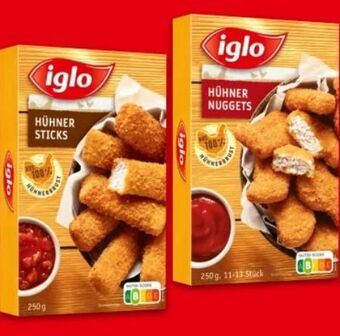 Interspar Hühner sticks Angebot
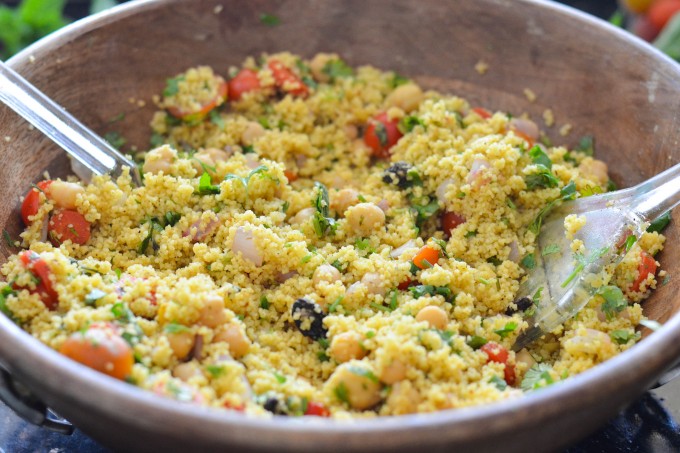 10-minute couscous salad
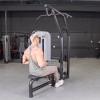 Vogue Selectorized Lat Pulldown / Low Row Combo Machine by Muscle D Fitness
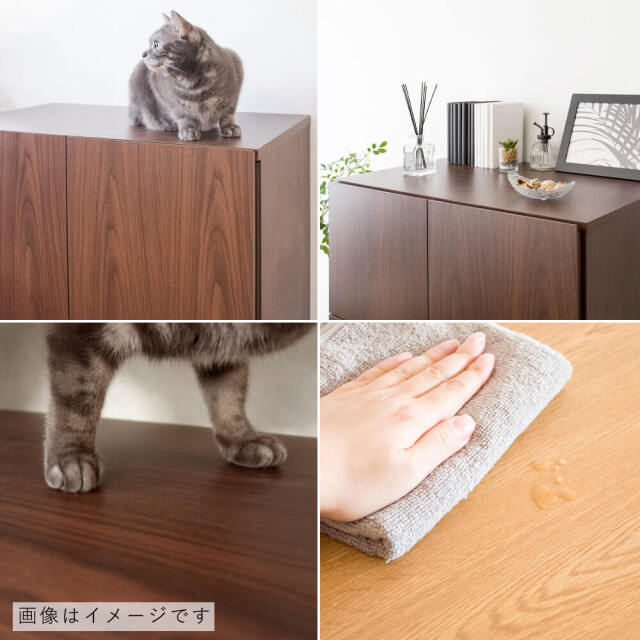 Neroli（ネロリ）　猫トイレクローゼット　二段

##############################

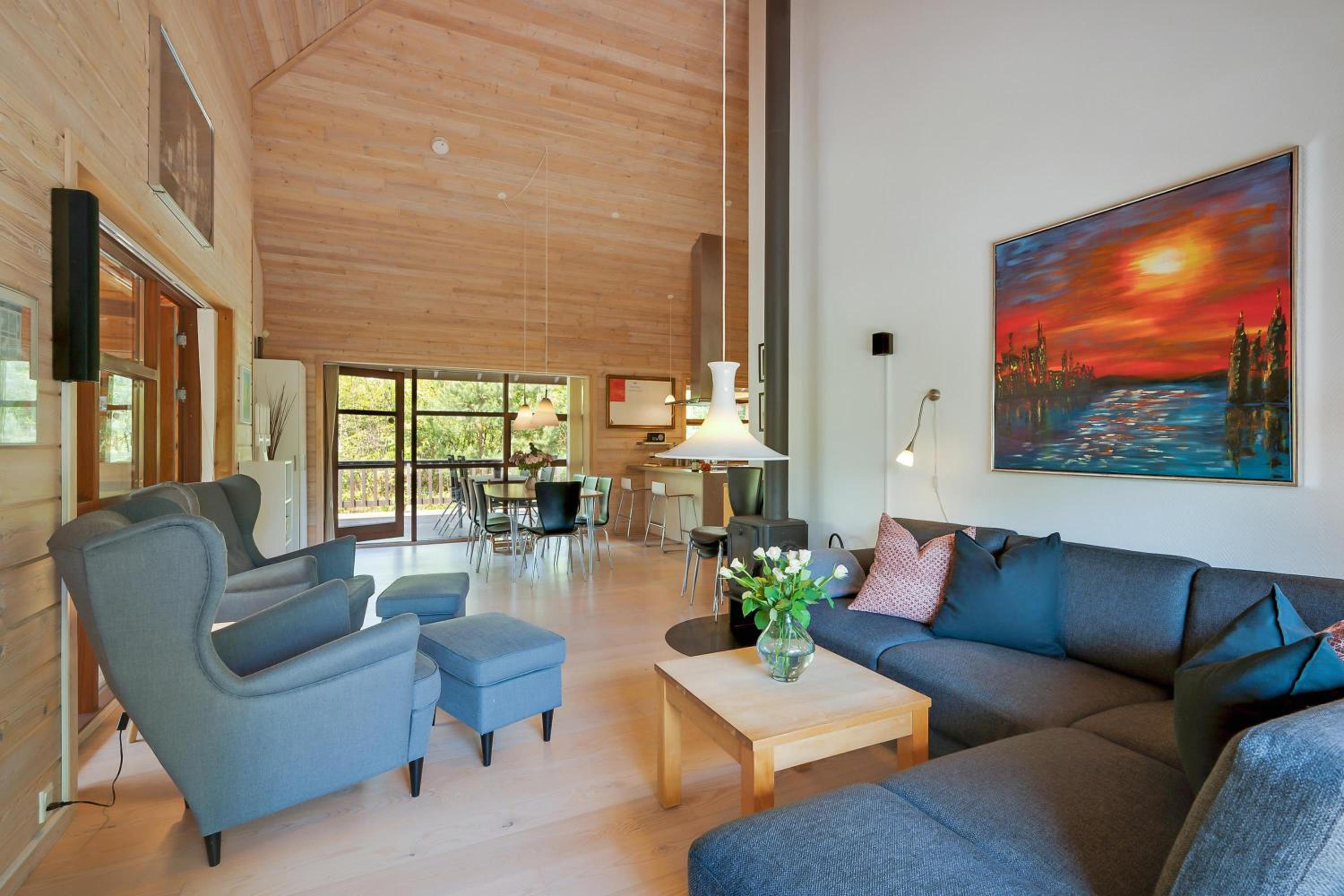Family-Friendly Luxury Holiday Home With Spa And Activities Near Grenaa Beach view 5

##############################

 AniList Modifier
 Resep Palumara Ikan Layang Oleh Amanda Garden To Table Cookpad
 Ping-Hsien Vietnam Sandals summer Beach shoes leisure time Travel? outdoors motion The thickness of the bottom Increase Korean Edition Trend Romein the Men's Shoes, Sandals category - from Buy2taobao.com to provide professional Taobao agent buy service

##############################

Activity:
Pictures are to be left out. Write out only the lines above starting at the one with "Interspar Hühner sticks Angebot" and ending at the one with "Neroli（ネロリ）　猫トイレクローゼット　二段", both lines included, exactly.

Your response:
 Interspar Hühner sticks Angebot
 10-minute couscous salad
 Vogue Selectorized Lat Pulldown / Low Row Combo Machine by Muscle D Fitness
 Neroli（ネロリ）　猫トイレクローゼット　二段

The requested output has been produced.